- What you should do
Starting at the first line of the data, print every line up to and including the one with "Chicken Invaders 3: Revenge", but no pictures.

Image-caption web data:

○ ○ ○

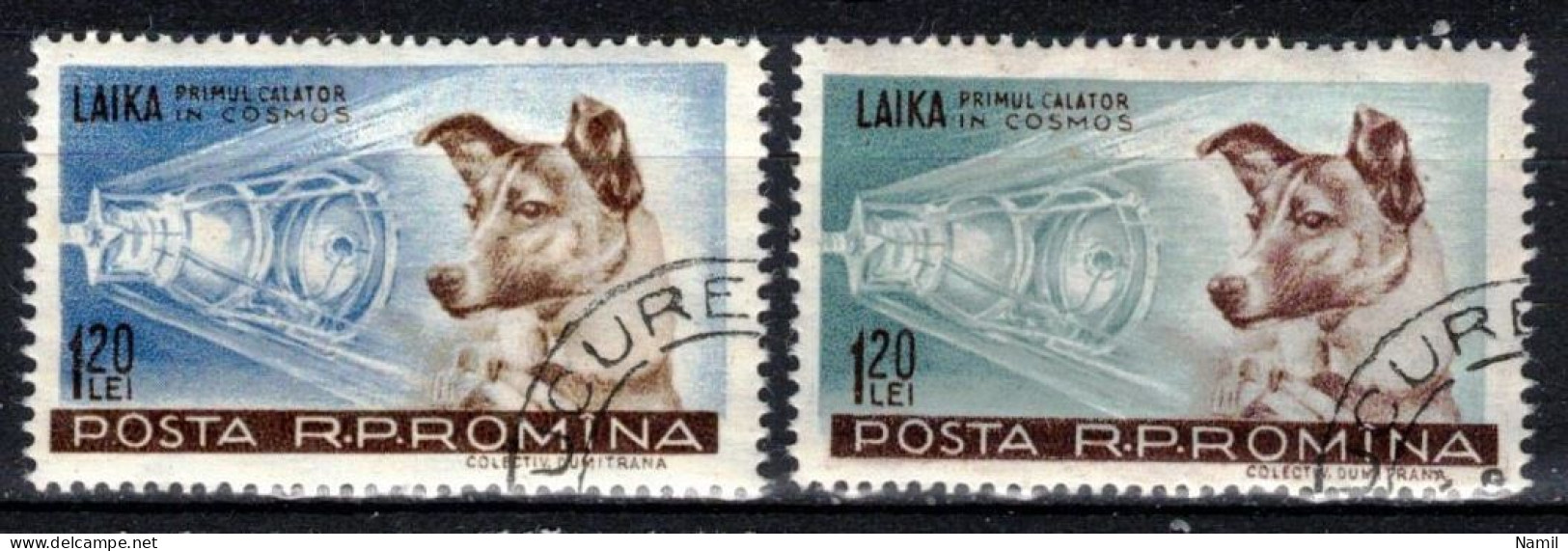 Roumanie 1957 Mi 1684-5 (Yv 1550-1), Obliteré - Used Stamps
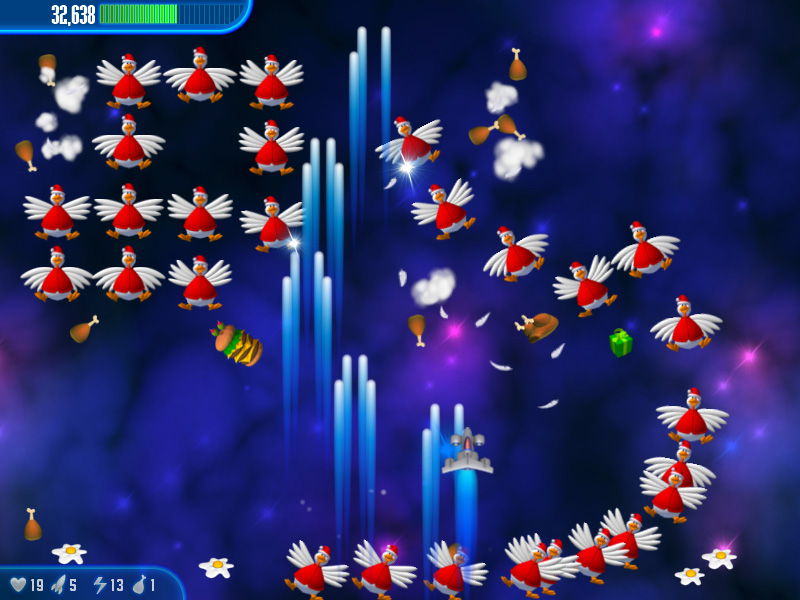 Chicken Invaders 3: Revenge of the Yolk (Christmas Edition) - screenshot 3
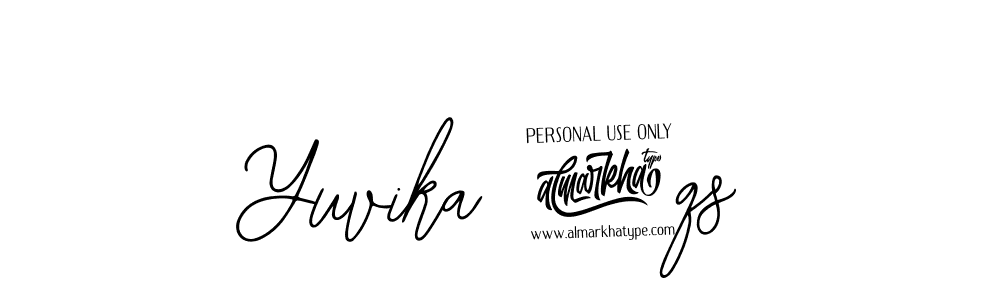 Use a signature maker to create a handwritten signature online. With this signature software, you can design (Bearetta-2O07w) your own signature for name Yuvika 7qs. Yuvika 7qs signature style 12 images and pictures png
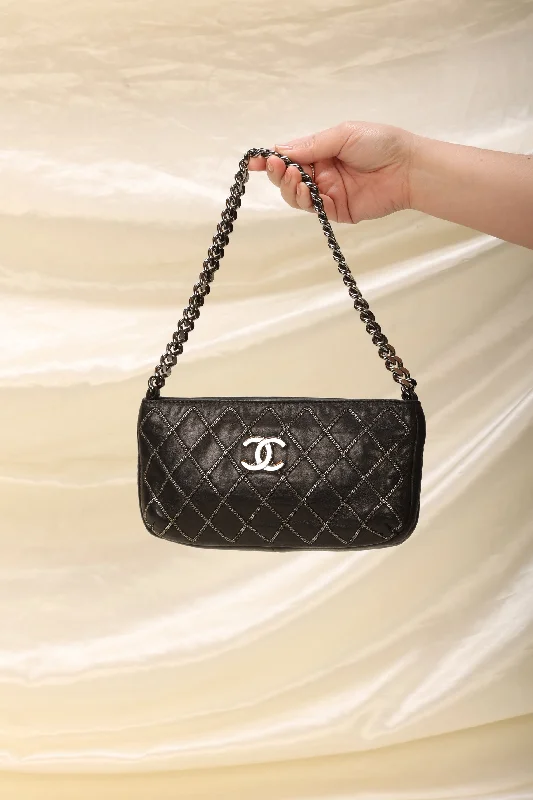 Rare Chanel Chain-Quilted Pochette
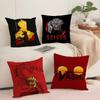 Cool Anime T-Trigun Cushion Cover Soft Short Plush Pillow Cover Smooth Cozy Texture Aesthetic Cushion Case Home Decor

○ ○ ○

- Solution
 Roumanie 1957 Mi 1684-5 (Yv 1550-1), Obliteré - Used Stamps
 Chicken Invaders 3: Revenge of the Yolk (Christmas Edition) - screenshot 3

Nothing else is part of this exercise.